Stella Bulochnikov: Not true. Not only did she not ditch rehearsal, we got to Times Square at 2:30. They weren’t ready for her until 3:20. We waited around for their stage manager. We had the stage from 3:20 to 3:50. She had a dance stand-in for the musical number. She sat on the side of the stage with her ear-pack and her in-ears and her microphone to make sure she could do the sound check. The most important thing to her was the sound. The sound was coming in choppy. She was assured it would work by the evening.
She did an interview with Ryan Seacrest at about 10:35 where her in-ear was very choppy. She could barely hear Ryan. She was struggling to hear him through the noise of Times Square.
We then went to [producer] Mark Shimmel’s assigned talent executive to Mariah. And I said, “Her in-ears do not work, it’s choppy, we need new ears for the performance.” She said, “Those are not the ears she’ll be working with for the performance. The ears she will be working with are in the trailer.” We went to the trailer at 10:45. She did touch-ups because she’s supposed to go on at 11:38. We put in the ears and did the mic pack. We walked to the holding tent about 11:20. We told both stage managers — remember this is not our production team, we’re out-sourcing our team which we never do — we told them the mic pack is not working. She can’t hear it, it’s faint. They brought her a new one, and that one didn’t work either, the mic pack was dead. They changed the battery pack. She said she still couldn’t hear. The second stage manager said, “It doesn’t work here in the tent, it will work on the stage.” She said, “Great, let’s go to the stage.”
It’s now four minutes to showtime. She says, “I hear nothing in my ears, my ears are dead.” The other stage manager says, “It will work right when we go live.” Then things start to get chaotic. They start counting her down — four minutes, three minutes. Mariah: “I can’t hear.” Them: “You’re gonna hear when it goes live — two minutes!”
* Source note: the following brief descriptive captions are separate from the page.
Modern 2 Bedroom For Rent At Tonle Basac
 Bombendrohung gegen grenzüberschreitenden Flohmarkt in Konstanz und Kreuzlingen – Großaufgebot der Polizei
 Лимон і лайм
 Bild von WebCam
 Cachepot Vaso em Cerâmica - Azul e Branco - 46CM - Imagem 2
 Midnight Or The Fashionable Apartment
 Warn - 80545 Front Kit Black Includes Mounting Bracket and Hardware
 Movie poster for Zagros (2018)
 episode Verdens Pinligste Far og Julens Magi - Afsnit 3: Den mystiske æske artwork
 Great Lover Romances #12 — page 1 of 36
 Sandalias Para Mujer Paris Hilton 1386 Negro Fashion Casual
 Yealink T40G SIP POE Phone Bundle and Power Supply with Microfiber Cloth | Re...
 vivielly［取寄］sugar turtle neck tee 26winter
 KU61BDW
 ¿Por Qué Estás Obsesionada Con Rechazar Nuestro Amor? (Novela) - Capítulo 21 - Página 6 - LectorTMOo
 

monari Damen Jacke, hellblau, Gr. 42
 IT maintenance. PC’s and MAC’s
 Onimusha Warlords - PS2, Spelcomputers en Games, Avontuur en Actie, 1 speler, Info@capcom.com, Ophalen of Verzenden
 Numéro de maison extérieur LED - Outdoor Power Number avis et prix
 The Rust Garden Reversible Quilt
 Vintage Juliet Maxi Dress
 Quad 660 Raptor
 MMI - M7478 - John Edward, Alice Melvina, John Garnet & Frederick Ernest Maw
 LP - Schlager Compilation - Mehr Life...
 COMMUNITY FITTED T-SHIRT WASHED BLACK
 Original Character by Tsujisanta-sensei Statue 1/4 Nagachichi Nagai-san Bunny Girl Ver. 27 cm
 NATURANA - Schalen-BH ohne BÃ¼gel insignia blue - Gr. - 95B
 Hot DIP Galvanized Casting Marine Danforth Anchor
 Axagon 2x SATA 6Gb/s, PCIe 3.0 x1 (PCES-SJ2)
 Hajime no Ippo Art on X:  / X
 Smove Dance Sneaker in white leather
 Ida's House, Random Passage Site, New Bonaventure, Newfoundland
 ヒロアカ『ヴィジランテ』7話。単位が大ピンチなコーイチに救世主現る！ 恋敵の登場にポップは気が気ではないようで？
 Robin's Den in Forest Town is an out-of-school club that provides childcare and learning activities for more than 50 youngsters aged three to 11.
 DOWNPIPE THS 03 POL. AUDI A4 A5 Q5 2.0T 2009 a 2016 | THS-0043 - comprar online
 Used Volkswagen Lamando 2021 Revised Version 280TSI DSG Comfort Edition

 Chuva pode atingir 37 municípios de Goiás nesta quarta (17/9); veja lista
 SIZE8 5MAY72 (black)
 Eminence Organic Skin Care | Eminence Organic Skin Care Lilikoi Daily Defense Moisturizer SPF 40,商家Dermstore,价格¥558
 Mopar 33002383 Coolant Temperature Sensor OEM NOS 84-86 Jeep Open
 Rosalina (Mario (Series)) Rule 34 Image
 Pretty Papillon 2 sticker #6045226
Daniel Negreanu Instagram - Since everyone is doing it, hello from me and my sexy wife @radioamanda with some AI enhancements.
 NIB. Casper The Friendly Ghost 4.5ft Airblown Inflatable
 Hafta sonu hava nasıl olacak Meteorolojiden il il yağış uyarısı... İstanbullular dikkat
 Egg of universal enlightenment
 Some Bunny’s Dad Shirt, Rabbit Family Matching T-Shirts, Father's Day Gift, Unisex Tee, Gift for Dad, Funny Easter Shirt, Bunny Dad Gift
So, right when it goes live, she can’t hear anything. The ears are dead. They’re dead. So she pulls them out of the ear because if the artist keeps them in their ears then all she hears is silence. Once she pulled them off her ear she was hoping to hear her music, but because of the circumstances — there’s noise from Times Square and the music is reverberating from the buildings — all she hears is chaos. She can’t hear her music. It’s a madhouse. At the point, there’s no way to recover.
On the third song when she could hear her track playing it was so bad she said, “F— it, I’ve had enough.”